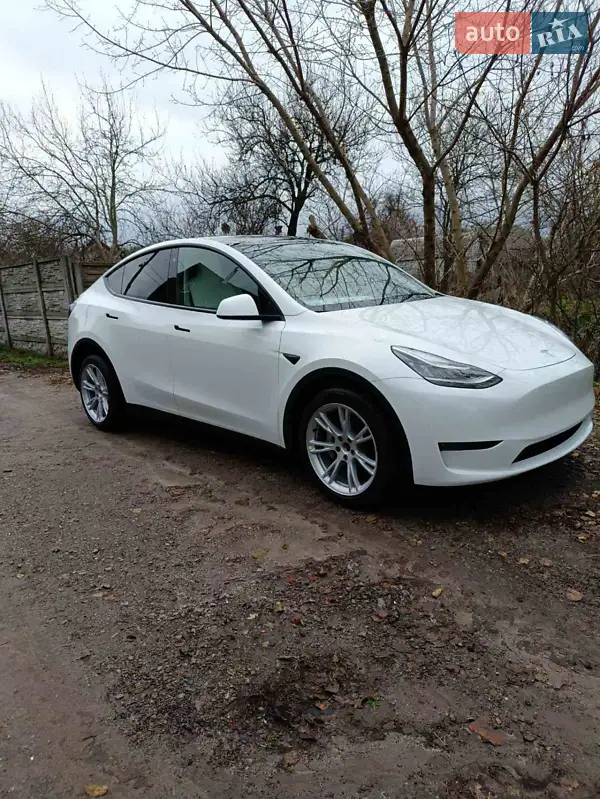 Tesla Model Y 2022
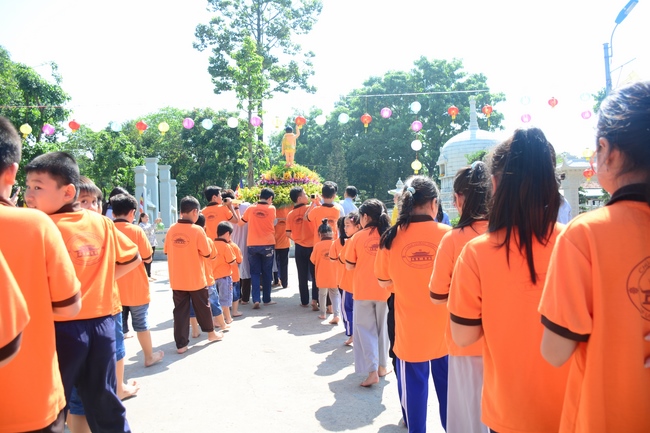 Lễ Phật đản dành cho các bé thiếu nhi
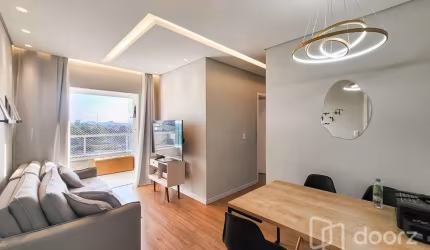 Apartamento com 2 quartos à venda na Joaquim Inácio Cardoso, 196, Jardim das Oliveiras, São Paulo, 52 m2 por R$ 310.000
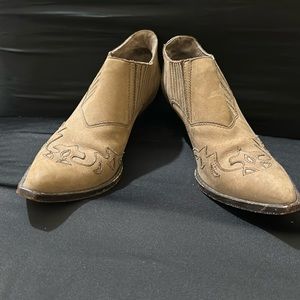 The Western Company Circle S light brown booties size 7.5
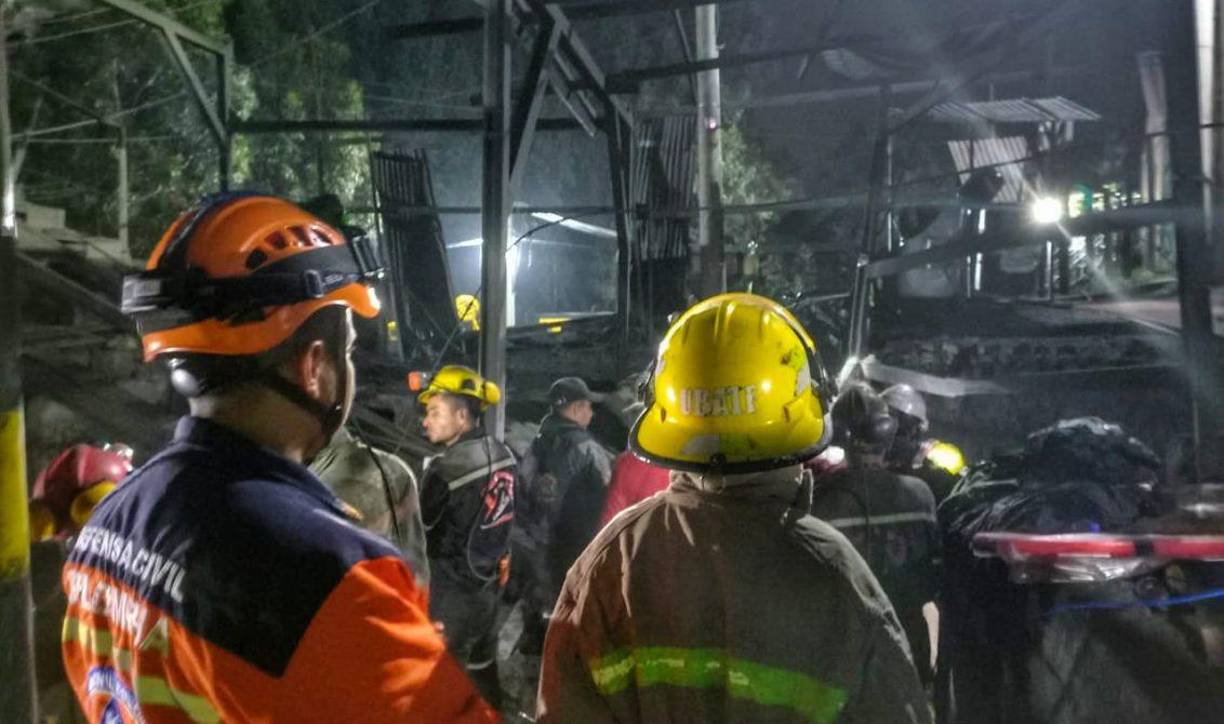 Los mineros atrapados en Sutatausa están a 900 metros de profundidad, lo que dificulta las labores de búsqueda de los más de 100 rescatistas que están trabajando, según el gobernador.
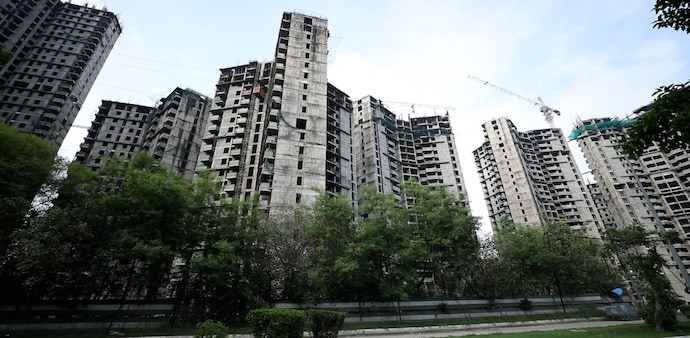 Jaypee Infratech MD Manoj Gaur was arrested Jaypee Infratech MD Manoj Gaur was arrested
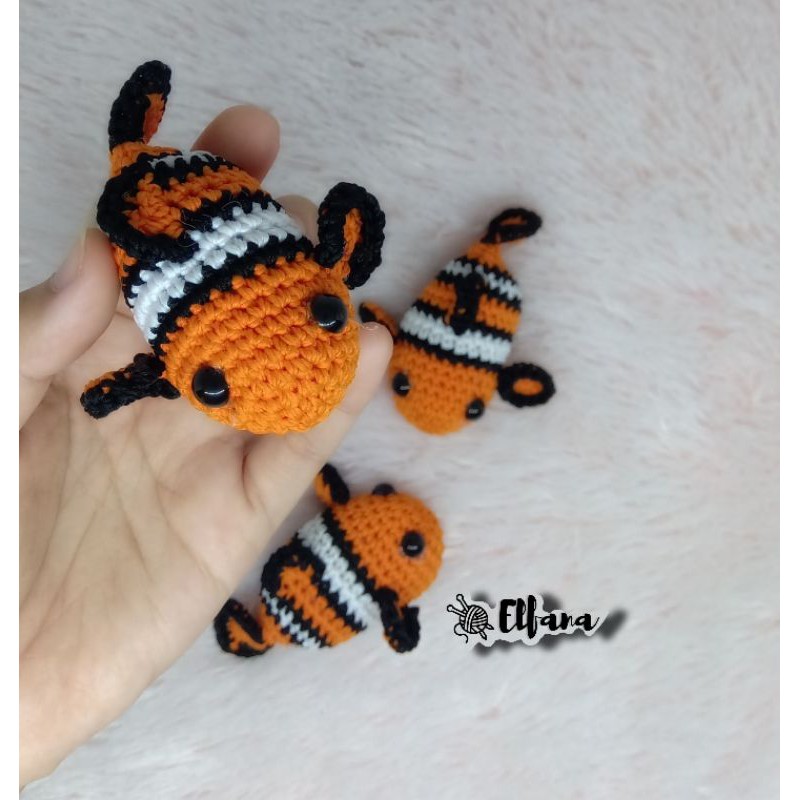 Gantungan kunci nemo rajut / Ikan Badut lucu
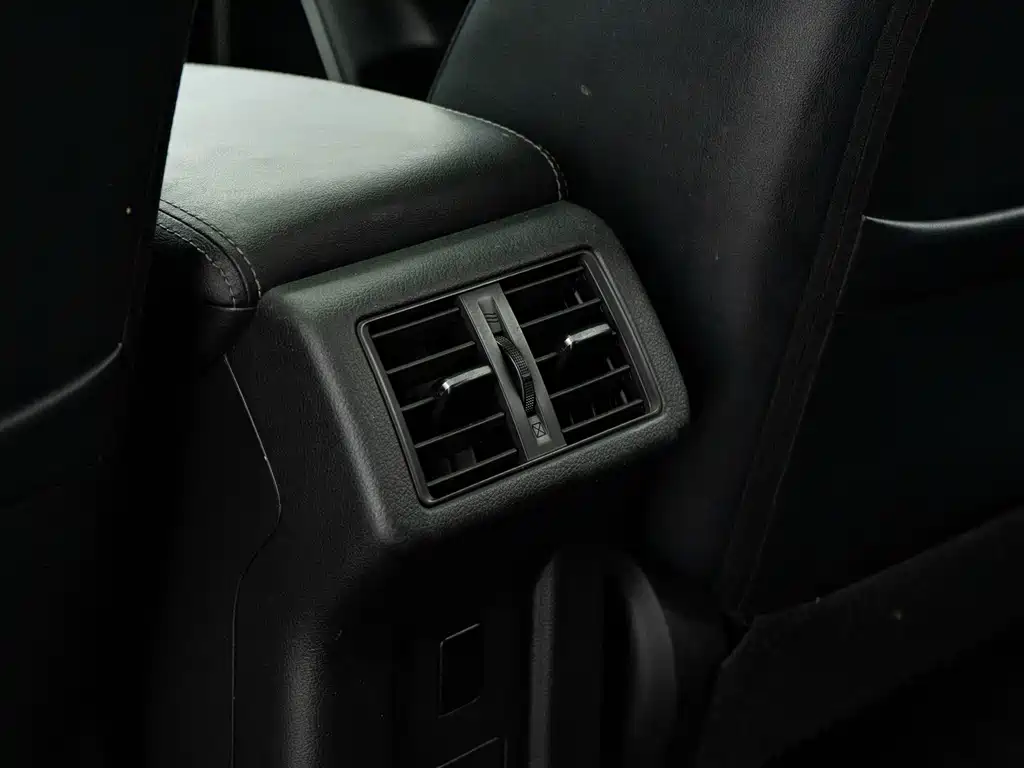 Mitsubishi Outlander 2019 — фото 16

==

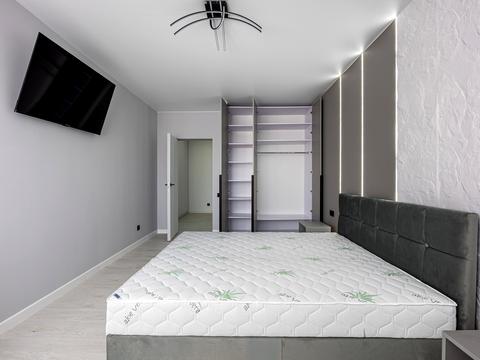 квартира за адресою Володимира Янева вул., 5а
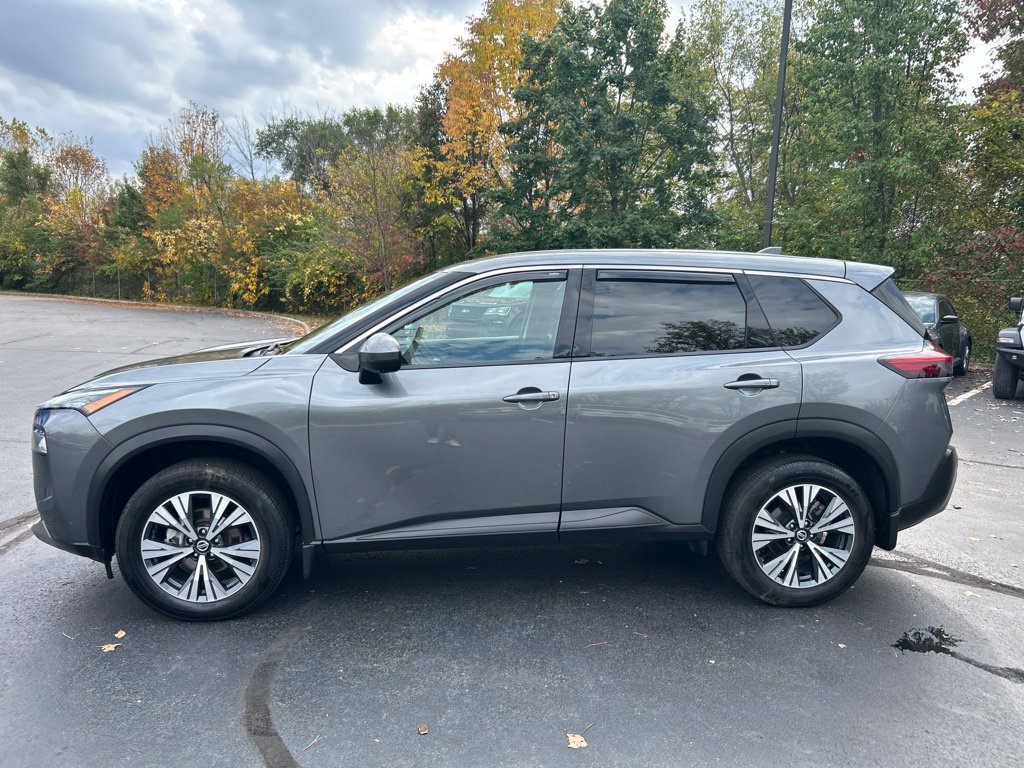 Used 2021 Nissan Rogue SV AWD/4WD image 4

...

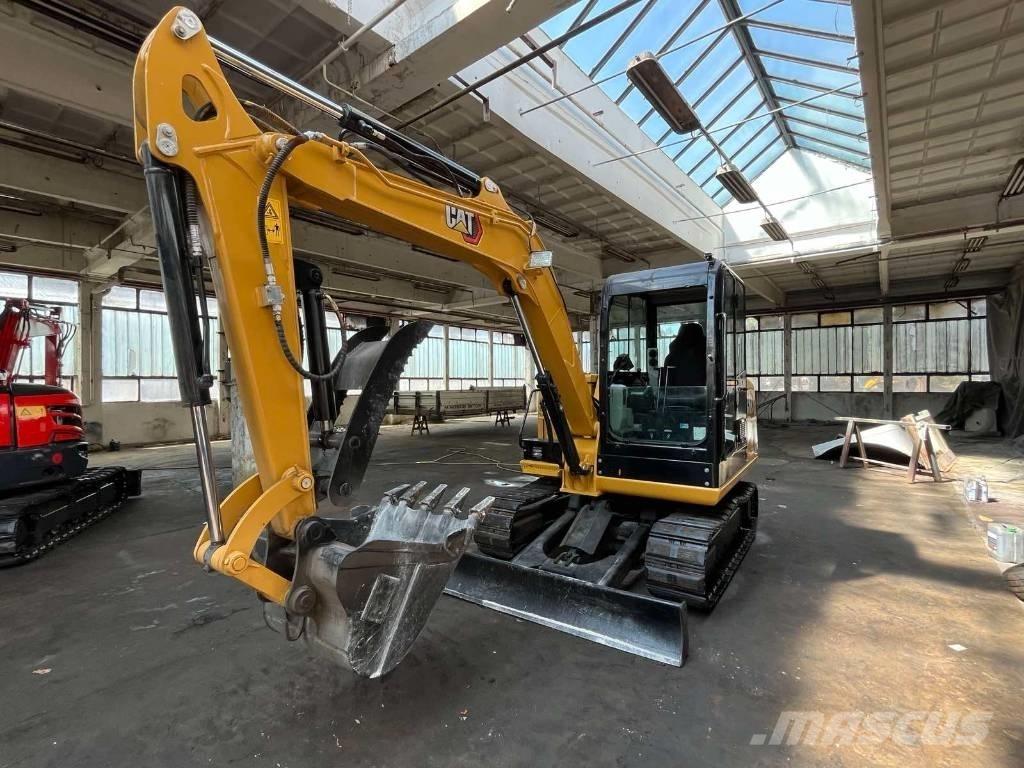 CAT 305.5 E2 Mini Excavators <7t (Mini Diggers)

**WHAT IS EXPECTED**: Reproduce the data above exactly, but only the lines from the one showing "The Western Company" through the one showing "Mitsubishi Outlander 2019 — фото 16", with both ends kept and the pictures left out.

**TASK RESULT**:
 The Western Company Circle S light brown booties size 7.5
 Los mineros atrapados en Sutatausa están a 900 metros de profundidad, lo que dificulta las labores de búsqueda de los más de 100 rescatistas que están trabajando, según el gobernador.
 Jaypee Infratech MD Manoj Gaur was arrested Jaypee Infratech MD Manoj Gaur was arrested
 Gantungan kunci nemo rajut / Ikan Badut lucu
 Mitsubishi Outlander 2019 — фото 16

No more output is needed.